How does this company make money?
The company sells crude oil and natural gas at whatever the market price is on a given day. It also earns a refining margin — the gap between what it pays for crude and what it charges for gasoline and diesel — through wholesale and retail fuel networks. On top of that, it sells ethylene and polyethylene to chemical manufacturers like Chevron Phillips Chemical under contract pricing terms.
What makes this company hard to replace?
Exxon-branded service station dealers are locked into fuel supply agreements that include guarantees and cannot simply be transferred to a different fuel supplier. Petrochemical customers under contract for Baytown ethylene have quality specifications written around that product, and switching to a different supplier would require going through a requalification process. The Guyana government's Production Sharing Agreement gives the company exclusive rights to develop its deepwater blocks, so no competing supplier can offer the same resource.
What limits this company?
The coking units at Baytown set a hard ceiling on how much crude can be processed. Expanding them would require shutting down both the coking and cracking units at the same time, because they share the same heat-exchange circuit. During that shutdown, gasoline production would stop and the steam crackers would have no feed. Any extra Permian crude above the current ceiling has to be sold at plain commodity prices instead of being converted into higher-value ethylene.

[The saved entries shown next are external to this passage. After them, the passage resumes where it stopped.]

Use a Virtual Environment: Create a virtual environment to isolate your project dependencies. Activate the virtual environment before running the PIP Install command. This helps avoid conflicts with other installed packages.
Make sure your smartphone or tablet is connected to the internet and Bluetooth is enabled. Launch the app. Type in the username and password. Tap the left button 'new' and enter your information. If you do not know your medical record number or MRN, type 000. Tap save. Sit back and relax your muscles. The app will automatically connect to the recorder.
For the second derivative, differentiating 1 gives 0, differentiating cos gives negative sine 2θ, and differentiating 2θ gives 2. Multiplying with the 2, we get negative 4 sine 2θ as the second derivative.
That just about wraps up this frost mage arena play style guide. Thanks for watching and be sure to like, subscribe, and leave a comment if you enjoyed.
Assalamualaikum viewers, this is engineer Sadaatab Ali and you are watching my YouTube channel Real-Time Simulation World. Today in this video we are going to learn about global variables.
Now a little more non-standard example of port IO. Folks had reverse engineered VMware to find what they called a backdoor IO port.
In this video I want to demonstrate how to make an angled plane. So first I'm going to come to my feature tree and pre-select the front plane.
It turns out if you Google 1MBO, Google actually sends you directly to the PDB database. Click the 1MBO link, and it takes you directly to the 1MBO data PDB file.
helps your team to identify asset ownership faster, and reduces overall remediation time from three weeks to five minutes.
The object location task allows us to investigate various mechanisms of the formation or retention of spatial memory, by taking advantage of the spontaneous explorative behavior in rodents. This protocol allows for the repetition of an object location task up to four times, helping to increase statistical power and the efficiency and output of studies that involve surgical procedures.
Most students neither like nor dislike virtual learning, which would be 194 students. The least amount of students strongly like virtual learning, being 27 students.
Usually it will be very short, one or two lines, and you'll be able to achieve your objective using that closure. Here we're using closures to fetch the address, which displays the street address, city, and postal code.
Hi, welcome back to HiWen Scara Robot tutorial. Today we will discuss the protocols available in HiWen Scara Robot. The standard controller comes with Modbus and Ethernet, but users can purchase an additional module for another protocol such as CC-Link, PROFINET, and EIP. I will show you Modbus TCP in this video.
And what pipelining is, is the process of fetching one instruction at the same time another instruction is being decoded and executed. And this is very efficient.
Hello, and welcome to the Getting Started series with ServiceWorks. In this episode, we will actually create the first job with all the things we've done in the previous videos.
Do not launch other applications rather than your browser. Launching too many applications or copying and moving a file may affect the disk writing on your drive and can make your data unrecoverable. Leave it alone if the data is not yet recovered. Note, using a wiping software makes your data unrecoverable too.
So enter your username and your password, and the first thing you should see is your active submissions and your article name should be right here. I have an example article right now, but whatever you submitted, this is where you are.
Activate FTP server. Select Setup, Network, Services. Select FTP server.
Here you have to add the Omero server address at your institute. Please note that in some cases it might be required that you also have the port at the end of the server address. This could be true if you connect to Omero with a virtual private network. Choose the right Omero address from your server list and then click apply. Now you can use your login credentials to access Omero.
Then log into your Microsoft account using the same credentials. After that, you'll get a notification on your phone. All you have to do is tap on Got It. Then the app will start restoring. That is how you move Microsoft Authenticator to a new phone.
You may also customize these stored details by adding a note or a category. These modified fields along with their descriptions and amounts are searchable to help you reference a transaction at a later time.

What does this company depend on?
The company cannot run without hydraulic fracturing sand from Wisconsin mines that keeps Permian wells operating, Pipeline capacity on the Enterprise Products Partners ethane system to move product from the Permian to Mont Belvieu, Floating production storage offloading vessel leases for its Guyana deepwater production, Port Arthur LNG terminal capacity to liquefy natural gas, and Railroad Commission of Texas drilling permits that allow Permian Basin development to continue.
Who depends on this company?
Chevron Phillips Chemical relies on Mont Belvieu ethylene supply for its polyethylene plants and would face feedstock shortages if that supply stopped. American Airlines depends on gasoline-range blending components from the Baytown refinery to supply jet fuel at its Dallas-Fort Worth hub. Independent gasoline station networks across Texas and Louisiana would lose their Exxon-branded fuel supply.
How does this company scale?
Drilling new wells across the Permian Basin scales relatively easily because hydraulic fracturing techniques are standardized and the shale geology is similar from one location to the next. What does not scale is the Baytown refinery itself — the crude-to-ethylene conversion pathway cannot be copied or expanded quickly because it depends on decades of catalyst optimization and heat integration built up at that one specific site.
What external forces can significantly affect this company?
When the Federal Reserve raises interest rates, the cost of funding Permian drilling programs and the Guyana deepwater development rises, which can slow both. Environmental Protection Agency methane emission rules require leak detection equipment to be installed across Permian wellhead operations, adding compliance cost. Royalty negotiations with the Guyana government can change the economics of the deepwater project at any time.
Where is this company structurally vulnerable?
If the Railroad Commission of Texas cut back drilling permits in the Permian Basin, less heavy crude would reach Baytown's coking units. The coking and cracking units are thermally coupled, so if crude feed dropped below the level needed to keep the circuit running continuously, the whole crude-to-ethylene pathway would have to partially shut down. The cost advantage that makes the integration worthwhile would disappear.